É um livrinho inesquecível, que se lê entre alegre e chorando, mas de um só olhar, muito adorável que é. A Joana d'Arc de Bemanos abre uma ferida na carne da gente: dói, machuca, tão viva, tão humana, tão como qualquer um de nós. Essa pequena Joana perplexa é uma agonia em busca de um fim. Seu martírio é uma revolta terrível para quem o assiste, e sua covardia uma vontade de vingança que dá.
A Joana d’Arc de Bernard Shaw, confesso, por grande e especial tenha sido a felicidade do teatrólogo quando a criou, não deixa nada de bom nem de mau na gente. O demonismo sem objetivo de Shaw ainda uma vez prejudicou-lhe a criação. Sua Joana d'Arc pouco tem de francesa e mesmo sua perplexidade é uma coisa meio astuciosa. Das três só a de Delteil me trouxe alguma coisa de bom e tranqüilo.
Foi nela que Carl Dreyer, o grande cineasta, colheu inspiração para o seu filme: o filme é maior que o livro, maior que não importa o que se tenha dito ou escrito sobre Joana d'Arc. É a história da sua paixão e morte. Lembra um afresco colossal, em sua falta de progressão, em sua falta essencial de progressão.
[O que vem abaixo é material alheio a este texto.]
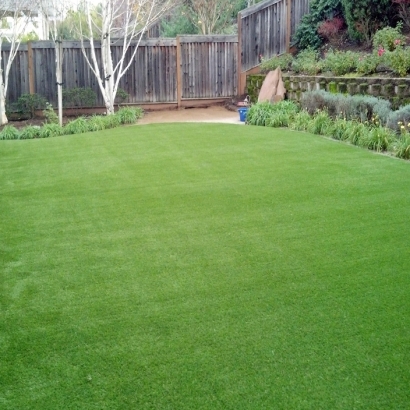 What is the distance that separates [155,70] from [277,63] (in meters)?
3.27

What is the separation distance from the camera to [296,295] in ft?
12.2

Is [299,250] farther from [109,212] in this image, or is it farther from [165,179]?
[165,179]

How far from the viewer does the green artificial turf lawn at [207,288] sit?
2.82m

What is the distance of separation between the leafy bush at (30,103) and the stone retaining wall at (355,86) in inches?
235

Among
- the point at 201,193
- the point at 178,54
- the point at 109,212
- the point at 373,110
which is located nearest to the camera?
the point at 109,212

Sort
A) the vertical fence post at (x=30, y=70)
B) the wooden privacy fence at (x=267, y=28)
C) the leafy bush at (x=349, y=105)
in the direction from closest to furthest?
the leafy bush at (x=349, y=105) < the vertical fence post at (x=30, y=70) < the wooden privacy fence at (x=267, y=28)

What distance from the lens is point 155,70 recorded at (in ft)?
49.6

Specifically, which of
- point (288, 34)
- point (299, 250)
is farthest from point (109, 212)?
point (288, 34)

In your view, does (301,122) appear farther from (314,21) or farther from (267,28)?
(314,21)

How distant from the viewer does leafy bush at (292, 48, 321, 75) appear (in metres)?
12.5

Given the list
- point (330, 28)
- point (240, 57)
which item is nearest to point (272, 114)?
point (330, 28)

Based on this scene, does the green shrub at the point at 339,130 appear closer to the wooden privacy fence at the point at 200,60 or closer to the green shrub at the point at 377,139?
the green shrub at the point at 377,139

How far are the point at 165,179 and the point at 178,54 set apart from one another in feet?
30.0

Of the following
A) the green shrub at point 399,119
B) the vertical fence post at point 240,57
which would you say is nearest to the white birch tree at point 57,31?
the vertical fence post at point 240,57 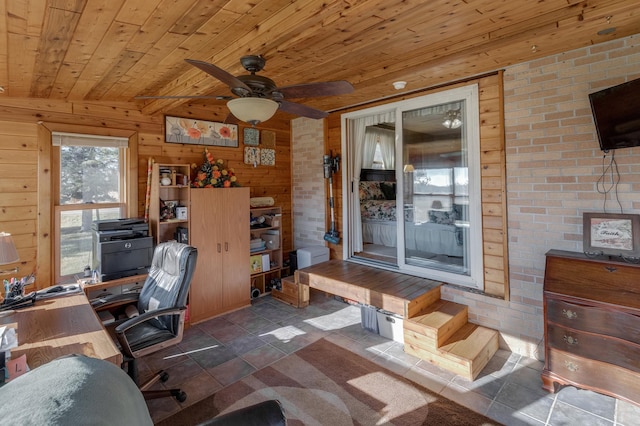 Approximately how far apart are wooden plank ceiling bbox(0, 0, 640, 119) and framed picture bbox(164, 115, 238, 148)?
838 mm

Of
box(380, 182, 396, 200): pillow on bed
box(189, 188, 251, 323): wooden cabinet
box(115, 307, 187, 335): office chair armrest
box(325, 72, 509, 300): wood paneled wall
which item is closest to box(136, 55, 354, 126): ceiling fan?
box(115, 307, 187, 335): office chair armrest

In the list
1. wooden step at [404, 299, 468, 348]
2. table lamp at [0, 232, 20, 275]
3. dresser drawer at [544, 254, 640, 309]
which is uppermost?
table lamp at [0, 232, 20, 275]

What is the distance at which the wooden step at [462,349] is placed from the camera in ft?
8.79

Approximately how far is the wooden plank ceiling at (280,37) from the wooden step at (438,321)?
237 centimetres

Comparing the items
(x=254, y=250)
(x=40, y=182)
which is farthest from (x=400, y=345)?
(x=40, y=182)

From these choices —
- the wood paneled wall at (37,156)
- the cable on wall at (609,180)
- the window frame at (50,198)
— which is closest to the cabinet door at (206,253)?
the wood paneled wall at (37,156)

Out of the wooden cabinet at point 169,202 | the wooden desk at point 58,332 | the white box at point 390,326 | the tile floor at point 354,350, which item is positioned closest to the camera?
the wooden desk at point 58,332

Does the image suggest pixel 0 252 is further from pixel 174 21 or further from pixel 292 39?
pixel 292 39

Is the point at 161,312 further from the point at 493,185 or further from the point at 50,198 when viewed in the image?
the point at 493,185

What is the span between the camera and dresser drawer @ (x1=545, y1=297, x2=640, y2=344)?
2.16 meters

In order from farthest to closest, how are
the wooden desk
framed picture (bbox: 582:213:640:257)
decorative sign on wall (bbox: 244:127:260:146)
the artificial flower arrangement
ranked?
decorative sign on wall (bbox: 244:127:260:146) < the artificial flower arrangement < framed picture (bbox: 582:213:640:257) < the wooden desk

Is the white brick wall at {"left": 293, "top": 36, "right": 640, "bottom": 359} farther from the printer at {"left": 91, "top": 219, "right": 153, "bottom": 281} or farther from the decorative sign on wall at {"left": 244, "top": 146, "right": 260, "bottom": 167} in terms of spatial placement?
the printer at {"left": 91, "top": 219, "right": 153, "bottom": 281}

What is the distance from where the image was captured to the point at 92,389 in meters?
0.73

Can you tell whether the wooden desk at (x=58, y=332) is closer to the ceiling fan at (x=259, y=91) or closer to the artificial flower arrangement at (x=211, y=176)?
the ceiling fan at (x=259, y=91) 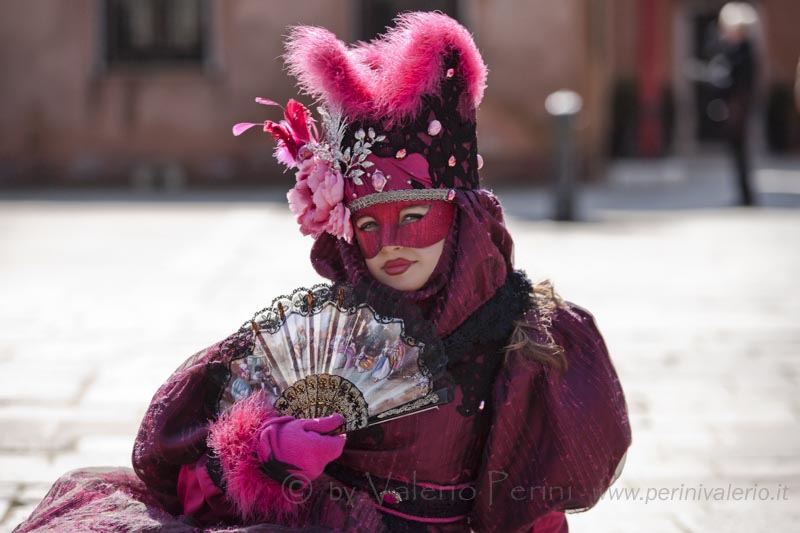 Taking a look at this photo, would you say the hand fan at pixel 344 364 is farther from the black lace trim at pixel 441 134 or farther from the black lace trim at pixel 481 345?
the black lace trim at pixel 441 134

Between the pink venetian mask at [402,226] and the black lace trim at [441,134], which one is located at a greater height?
the black lace trim at [441,134]

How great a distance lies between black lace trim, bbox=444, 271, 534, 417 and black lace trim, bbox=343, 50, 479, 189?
29 centimetres

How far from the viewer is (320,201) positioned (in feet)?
8.22

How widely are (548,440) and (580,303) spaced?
4.22 m

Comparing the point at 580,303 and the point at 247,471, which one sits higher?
the point at 247,471

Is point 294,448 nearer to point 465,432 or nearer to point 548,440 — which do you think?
point 465,432

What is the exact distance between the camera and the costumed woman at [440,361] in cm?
249

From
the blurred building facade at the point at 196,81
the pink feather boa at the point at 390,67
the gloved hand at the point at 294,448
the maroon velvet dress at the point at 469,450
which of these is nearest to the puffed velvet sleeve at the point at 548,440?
the maroon velvet dress at the point at 469,450

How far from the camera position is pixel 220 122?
13.9 m

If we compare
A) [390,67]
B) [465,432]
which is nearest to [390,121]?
[390,67]

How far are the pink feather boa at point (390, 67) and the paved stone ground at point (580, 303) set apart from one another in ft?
5.19

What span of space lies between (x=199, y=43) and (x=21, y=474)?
1092 centimetres

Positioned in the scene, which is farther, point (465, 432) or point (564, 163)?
point (564, 163)

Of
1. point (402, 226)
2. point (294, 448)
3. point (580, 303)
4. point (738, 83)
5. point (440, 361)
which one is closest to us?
point (294, 448) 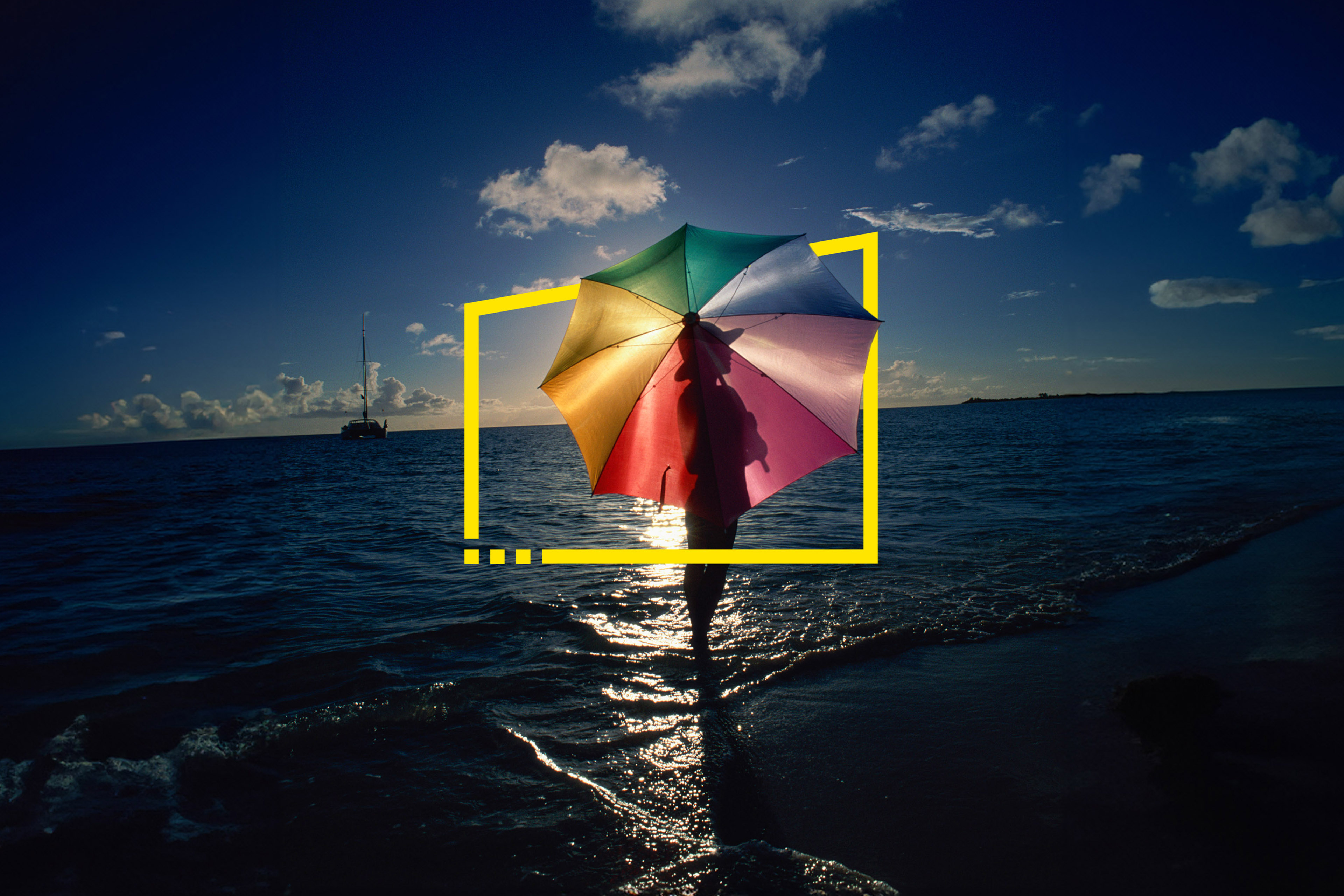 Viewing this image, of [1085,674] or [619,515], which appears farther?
[619,515]

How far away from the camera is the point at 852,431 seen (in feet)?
12.0

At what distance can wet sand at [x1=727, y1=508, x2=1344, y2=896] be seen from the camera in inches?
115

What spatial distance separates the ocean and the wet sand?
315 mm

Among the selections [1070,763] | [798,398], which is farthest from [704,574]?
[1070,763]

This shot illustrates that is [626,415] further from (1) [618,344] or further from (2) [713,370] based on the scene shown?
(2) [713,370]

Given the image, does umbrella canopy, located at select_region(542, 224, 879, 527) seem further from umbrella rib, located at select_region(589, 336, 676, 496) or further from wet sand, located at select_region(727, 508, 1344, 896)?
wet sand, located at select_region(727, 508, 1344, 896)

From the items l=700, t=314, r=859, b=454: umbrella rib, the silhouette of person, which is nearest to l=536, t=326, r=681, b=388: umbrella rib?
the silhouette of person

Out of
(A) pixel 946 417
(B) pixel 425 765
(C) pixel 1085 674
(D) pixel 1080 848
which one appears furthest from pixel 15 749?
Result: (A) pixel 946 417

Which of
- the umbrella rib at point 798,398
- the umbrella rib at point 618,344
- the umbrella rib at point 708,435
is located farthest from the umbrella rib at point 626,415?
the umbrella rib at point 798,398

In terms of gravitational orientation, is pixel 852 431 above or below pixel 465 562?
above

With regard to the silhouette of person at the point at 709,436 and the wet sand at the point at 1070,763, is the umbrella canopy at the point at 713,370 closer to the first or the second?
the silhouette of person at the point at 709,436

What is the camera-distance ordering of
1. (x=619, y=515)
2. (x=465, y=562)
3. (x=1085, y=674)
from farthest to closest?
(x=619, y=515) < (x=465, y=562) < (x=1085, y=674)

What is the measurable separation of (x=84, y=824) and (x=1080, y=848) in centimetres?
609

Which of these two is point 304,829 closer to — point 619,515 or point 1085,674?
point 1085,674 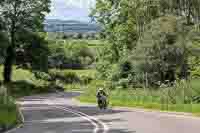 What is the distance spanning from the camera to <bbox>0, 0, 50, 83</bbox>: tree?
91000 mm

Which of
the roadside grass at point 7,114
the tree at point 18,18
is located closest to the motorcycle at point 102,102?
the roadside grass at point 7,114

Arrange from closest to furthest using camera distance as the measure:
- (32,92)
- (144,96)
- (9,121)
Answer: (9,121), (144,96), (32,92)

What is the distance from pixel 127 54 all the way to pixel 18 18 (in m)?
31.4

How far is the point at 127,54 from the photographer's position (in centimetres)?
6494

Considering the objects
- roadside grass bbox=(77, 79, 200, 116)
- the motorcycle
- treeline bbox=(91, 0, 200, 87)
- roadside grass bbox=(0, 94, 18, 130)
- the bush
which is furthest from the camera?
treeline bbox=(91, 0, 200, 87)

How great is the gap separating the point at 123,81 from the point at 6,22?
31.9 metres

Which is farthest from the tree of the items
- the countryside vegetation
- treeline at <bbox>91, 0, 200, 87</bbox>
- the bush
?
the bush

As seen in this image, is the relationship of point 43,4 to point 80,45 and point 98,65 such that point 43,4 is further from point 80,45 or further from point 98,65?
point 80,45

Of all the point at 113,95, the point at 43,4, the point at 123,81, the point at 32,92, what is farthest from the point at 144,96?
the point at 43,4

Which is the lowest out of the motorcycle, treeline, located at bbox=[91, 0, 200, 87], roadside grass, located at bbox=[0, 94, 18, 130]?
the motorcycle

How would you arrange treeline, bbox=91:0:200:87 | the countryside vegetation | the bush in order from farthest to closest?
treeline, bbox=91:0:200:87
the countryside vegetation
the bush

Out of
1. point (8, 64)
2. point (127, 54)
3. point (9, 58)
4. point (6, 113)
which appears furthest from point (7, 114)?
point (8, 64)

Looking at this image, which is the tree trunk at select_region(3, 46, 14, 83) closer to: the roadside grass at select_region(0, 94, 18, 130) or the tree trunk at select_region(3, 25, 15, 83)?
the tree trunk at select_region(3, 25, 15, 83)

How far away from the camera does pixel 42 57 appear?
3691 inches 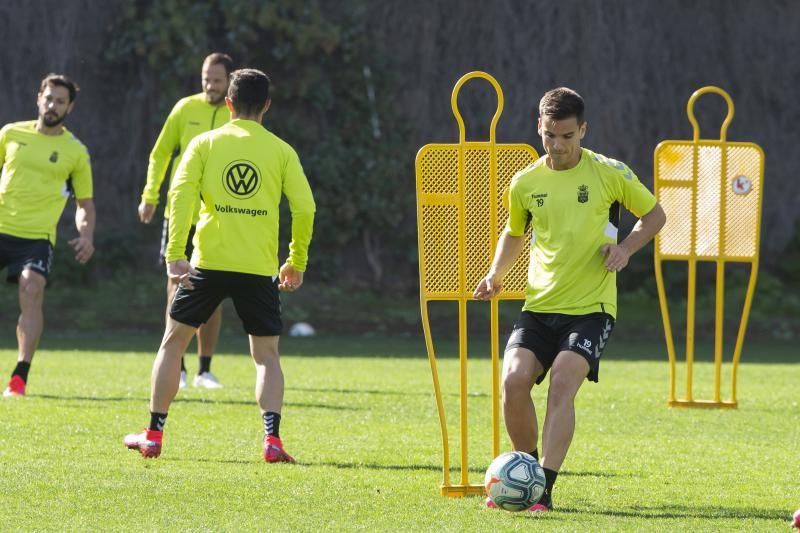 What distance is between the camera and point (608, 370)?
1445cm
Palavra: Joana d’Arc é uma obra gigante em cinema. É a história dessa obra que me proponho trazer aqui, em crônicas próximas, porque dá-se que tive a sorte de conhecer ontem a Joana d'Arc de Dreyer. Mme. Falconetti, a grande intérprete francesa, escolhida pelo diretor entre muitas outras, entre as quais se achava a própria Pitoêff, se encontra, a bem dizer, perdida no Rio. Logo que a soube aqui fui procurá-la e tivemos uma grande conversa sobre Dreyer, o filme e tudo mais. Mme. Falconetti é uma rara figura. Poucos a sabem uma das maiores atrizes que a França já teve. Roberto Alvim Correia, que me falou sobre ela, contou-me sobre sua miraculosa interpretação na Phèdre de Racine. Seu próximo pronunciamento no seu debate sobre cinema e sua informação sobre Joana d’Arc fazem essa crônica feliz, muito feliz.